Transcribe the records below in their entirety, and leave out each image.

● **Provided records**
****
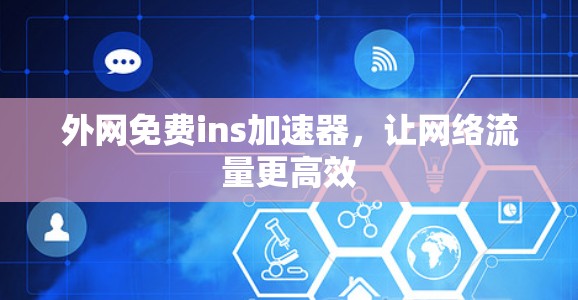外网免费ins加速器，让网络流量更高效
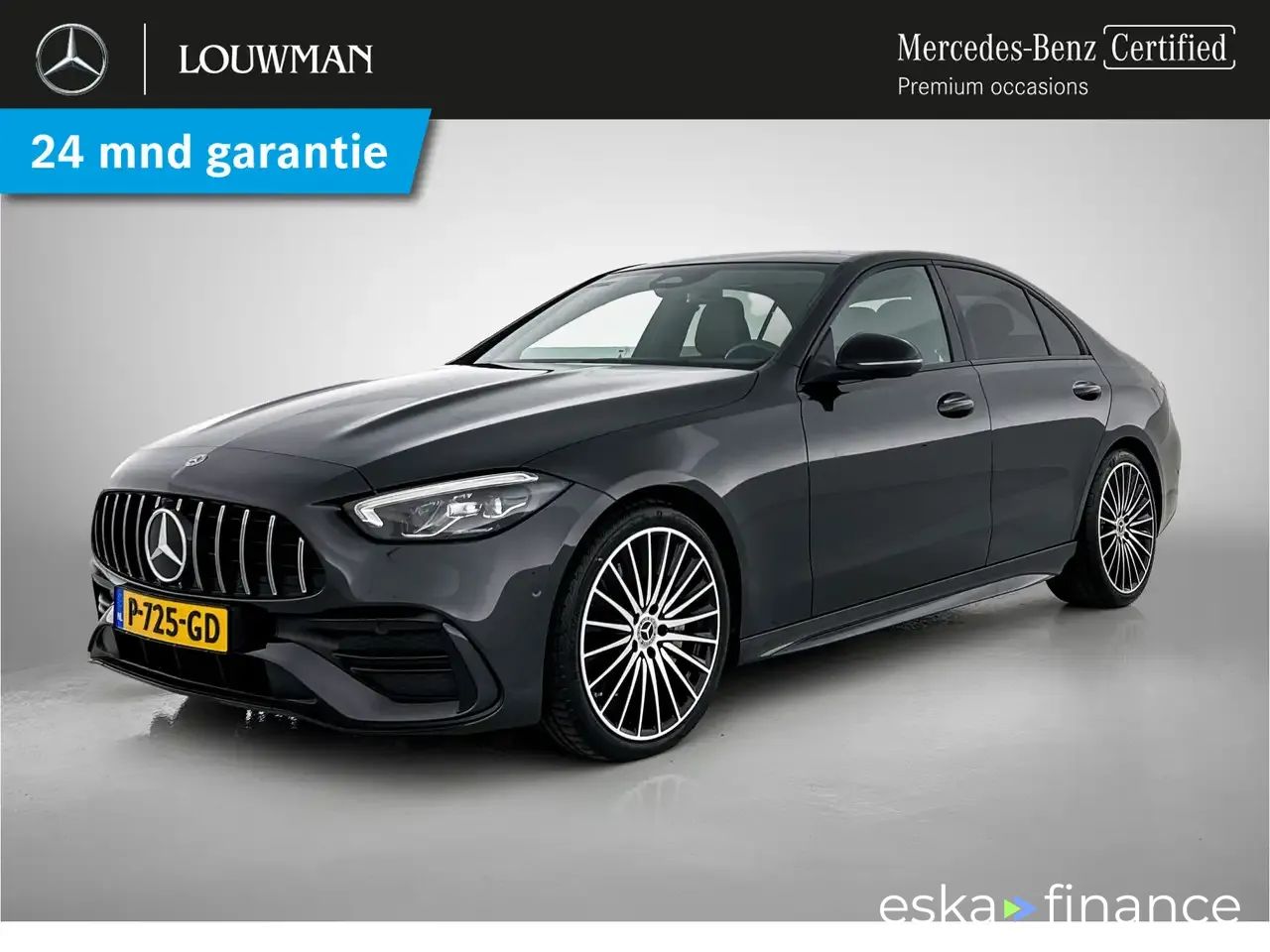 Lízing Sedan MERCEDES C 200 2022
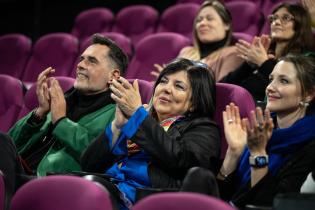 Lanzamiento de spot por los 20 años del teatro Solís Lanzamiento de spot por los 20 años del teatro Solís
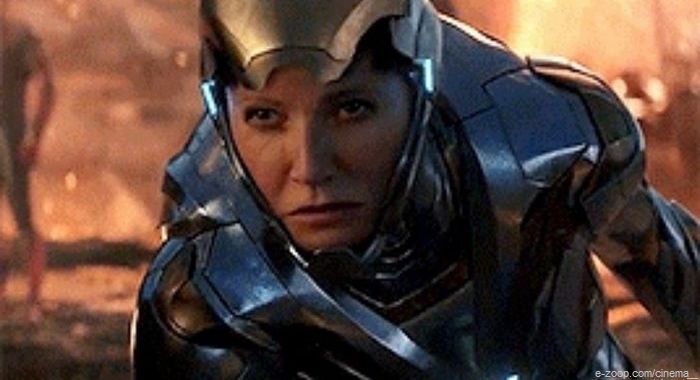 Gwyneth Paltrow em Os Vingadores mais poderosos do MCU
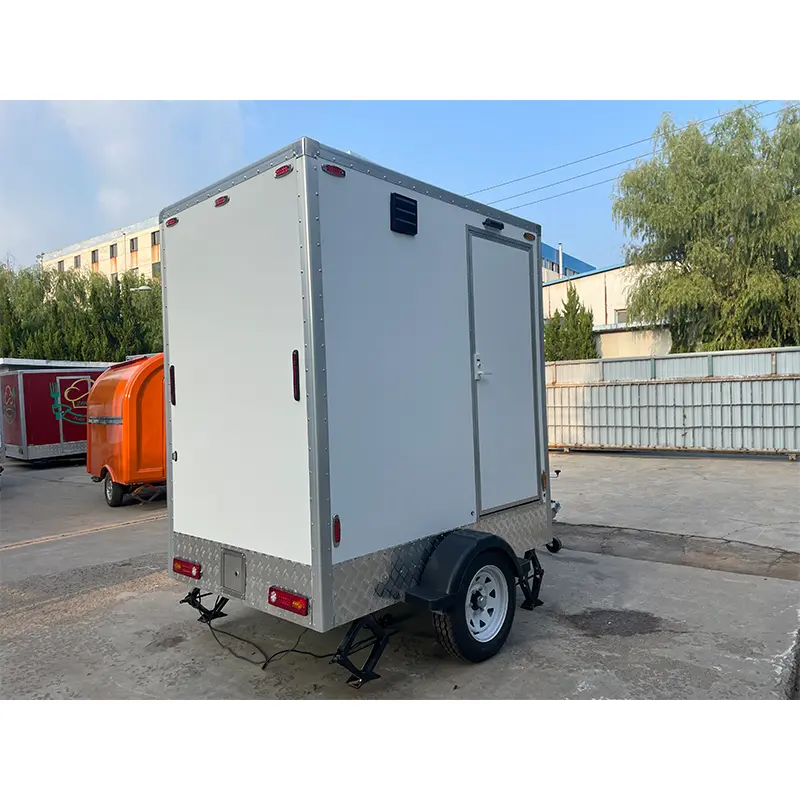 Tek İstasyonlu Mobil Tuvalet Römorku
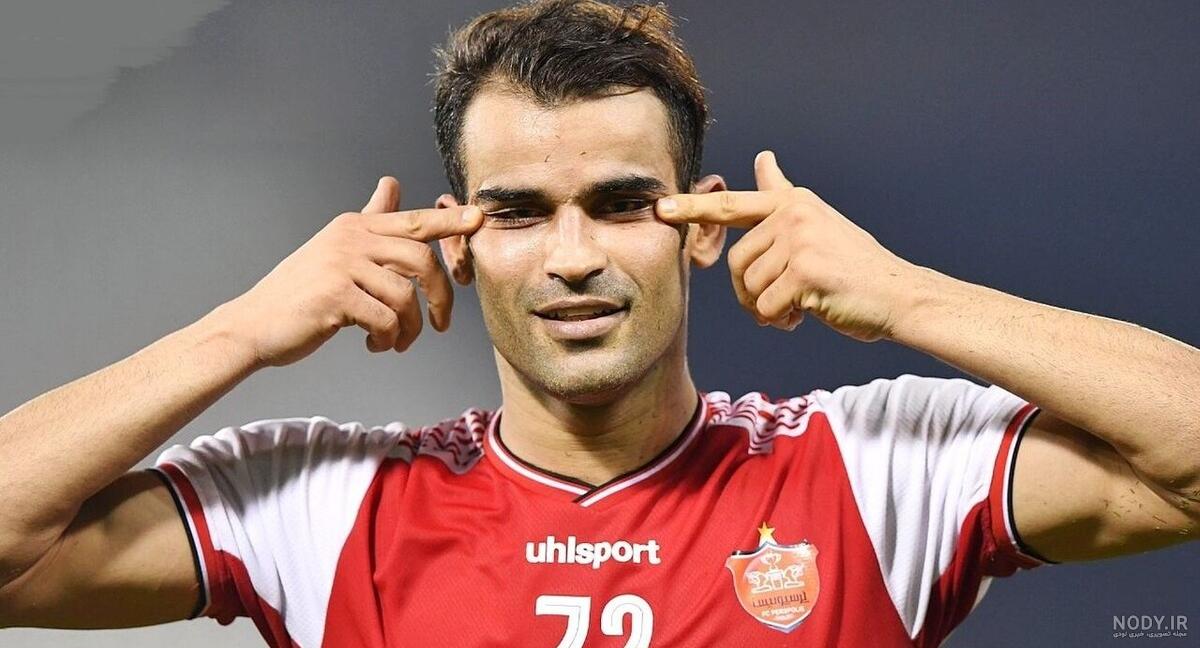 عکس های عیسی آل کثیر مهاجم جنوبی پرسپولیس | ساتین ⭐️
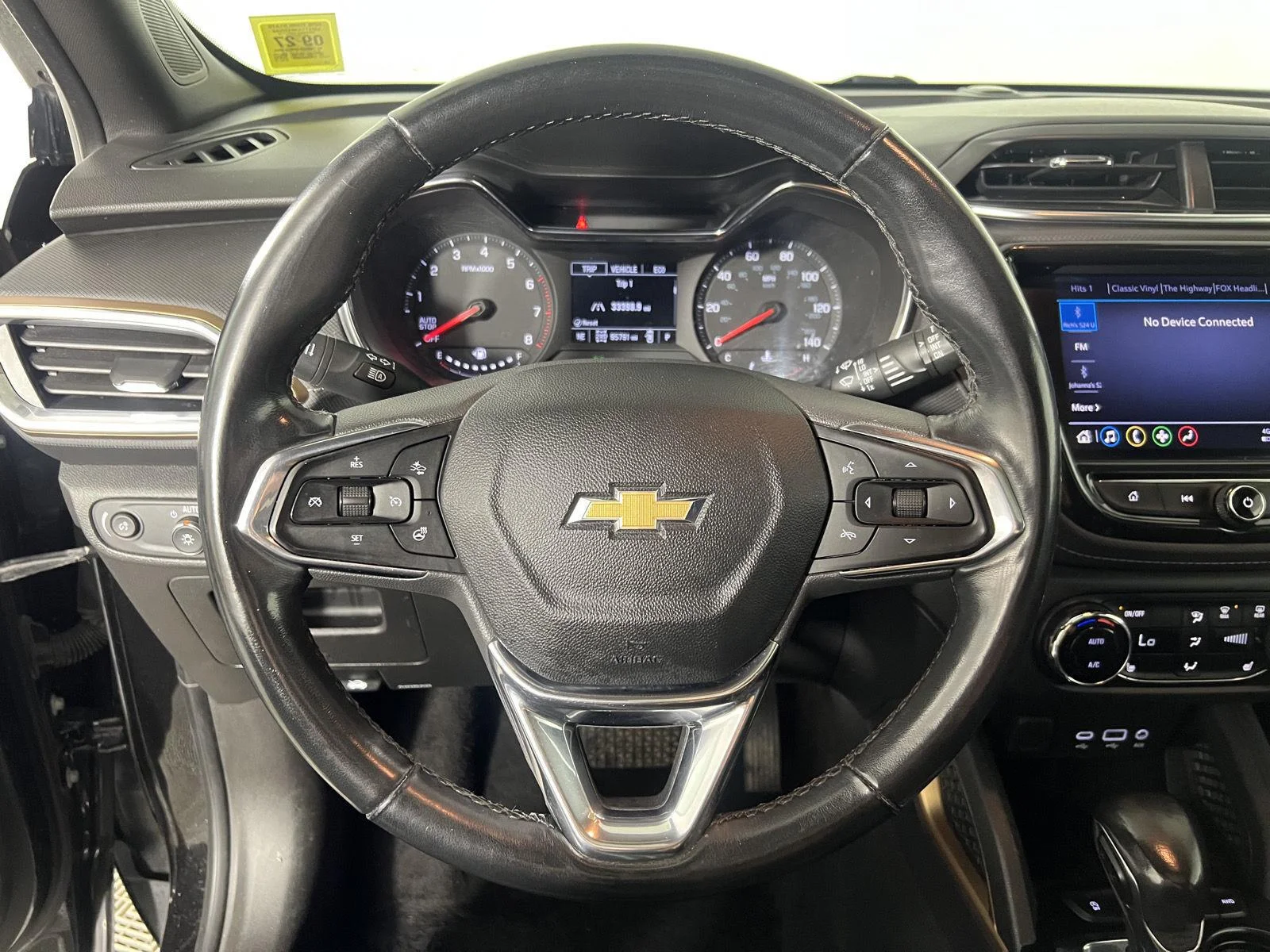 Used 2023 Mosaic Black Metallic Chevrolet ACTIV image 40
****
● **Written response**
外网免费ins加速器，让网络流量更高效
 Lízing Sedan MERCEDES C 200 2022
 Lanzamiento de spot por los 20 años del teatro Solís Lanzamiento de spot por los 20 años del teatro Solís
 Gwyneth Paltrow em Os Vingadores mais poderosos do MCU
 Tek İstasyonlu Mobil Tuvalet Römorku
 عکس های عیسی آل کثیر مهاجم جنوبی پرسپولیس | ساتین ⭐️
 Used 2023 Mosaic Black Metallic Chevrolet ACTIV image 40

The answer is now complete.